» Problem to work on: Only the line containing "Camisa Benfica Third 24/25 - Torcedor Cinza" and the lines after it, through the end of the data below, are to be returned, each exactly as it stands.
[[ Material for this task open ]]
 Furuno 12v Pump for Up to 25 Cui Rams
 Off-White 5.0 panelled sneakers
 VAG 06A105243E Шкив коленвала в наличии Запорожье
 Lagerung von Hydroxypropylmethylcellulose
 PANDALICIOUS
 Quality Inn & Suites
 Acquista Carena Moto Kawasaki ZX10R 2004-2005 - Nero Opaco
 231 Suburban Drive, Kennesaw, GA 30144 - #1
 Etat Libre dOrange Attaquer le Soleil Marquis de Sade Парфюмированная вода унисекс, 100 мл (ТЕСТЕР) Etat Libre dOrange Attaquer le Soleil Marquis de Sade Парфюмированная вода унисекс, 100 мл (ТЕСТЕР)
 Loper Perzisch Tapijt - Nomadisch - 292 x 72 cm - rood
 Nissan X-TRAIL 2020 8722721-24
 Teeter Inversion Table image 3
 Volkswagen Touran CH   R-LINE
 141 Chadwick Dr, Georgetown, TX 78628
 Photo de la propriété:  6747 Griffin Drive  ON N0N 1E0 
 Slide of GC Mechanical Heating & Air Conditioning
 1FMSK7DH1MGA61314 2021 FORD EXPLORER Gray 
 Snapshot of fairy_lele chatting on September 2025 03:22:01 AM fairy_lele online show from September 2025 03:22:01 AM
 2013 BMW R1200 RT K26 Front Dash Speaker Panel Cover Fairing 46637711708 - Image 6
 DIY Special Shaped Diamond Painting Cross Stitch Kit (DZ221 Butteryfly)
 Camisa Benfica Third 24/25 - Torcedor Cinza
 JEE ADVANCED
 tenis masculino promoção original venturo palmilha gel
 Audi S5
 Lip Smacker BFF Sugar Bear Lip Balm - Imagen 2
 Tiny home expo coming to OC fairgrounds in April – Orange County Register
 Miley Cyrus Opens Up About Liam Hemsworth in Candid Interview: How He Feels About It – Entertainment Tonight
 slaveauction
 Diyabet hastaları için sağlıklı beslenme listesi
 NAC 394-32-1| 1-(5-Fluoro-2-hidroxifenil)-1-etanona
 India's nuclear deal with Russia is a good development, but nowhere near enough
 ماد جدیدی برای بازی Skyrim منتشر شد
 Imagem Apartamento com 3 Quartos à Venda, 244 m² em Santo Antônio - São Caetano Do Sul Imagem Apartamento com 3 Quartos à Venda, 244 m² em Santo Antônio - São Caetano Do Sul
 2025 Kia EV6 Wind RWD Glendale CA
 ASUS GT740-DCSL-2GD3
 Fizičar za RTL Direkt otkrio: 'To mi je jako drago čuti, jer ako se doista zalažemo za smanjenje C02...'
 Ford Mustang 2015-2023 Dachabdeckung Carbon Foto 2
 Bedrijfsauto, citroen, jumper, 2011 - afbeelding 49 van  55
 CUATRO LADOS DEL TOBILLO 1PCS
[[ Material for this task closed ]]
» Your response:
 Camisa Benfica Third 24/25 - Torcedor Cinza
 JEE ADVANCED
 tenis masculino promoção original venturo palmilha gel
 Audi S5
 Lip Smacker BFF Sugar Bear Lip Balm - Imagen 2
 Tiny home expo coming to OC fairgrounds in April – Orange County Register
 Miley Cyrus Opens Up About Liam Hemsworth in Candid Interview: How He Feels About It – Entertainment Tonight
 slaveauction
 Diyabet hastaları için sağlıklı beslenme listesi
 NAC 394-32-1| 1-(5-Fluoro-2-hidroxifenil)-1-etanona
 India's nuclear deal with Russia is a good development, but nowhere near enough
 ماد جدیدی برای بازی Skyrim منتشر شد
 Imagem Apartamento com 3 Quartos à Venda, 244 m² em Santo Antônio - São Caetano Do Sul Imagem Apartamento com 3 Quartos à Venda, 244 m² em Santo Antônio - São Caetano Do Sul
 2025 Kia EV6 Wind RWD Glendale CA
 ASUS GT740-DCSL-2GD3
 Fizičar za RTL Direkt otkrio: 'To mi je jako drago čuti, jer ako se doista zalažemo za smanjenje C02...'
 Ford Mustang 2015-2023 Dachabdeckung Carbon Foto 2
 Bedrijfsauto, citroen, jumper, 2011 - afbeelding 49 van  55
 CUATRO LADOS DEL TOBILLO 1PCS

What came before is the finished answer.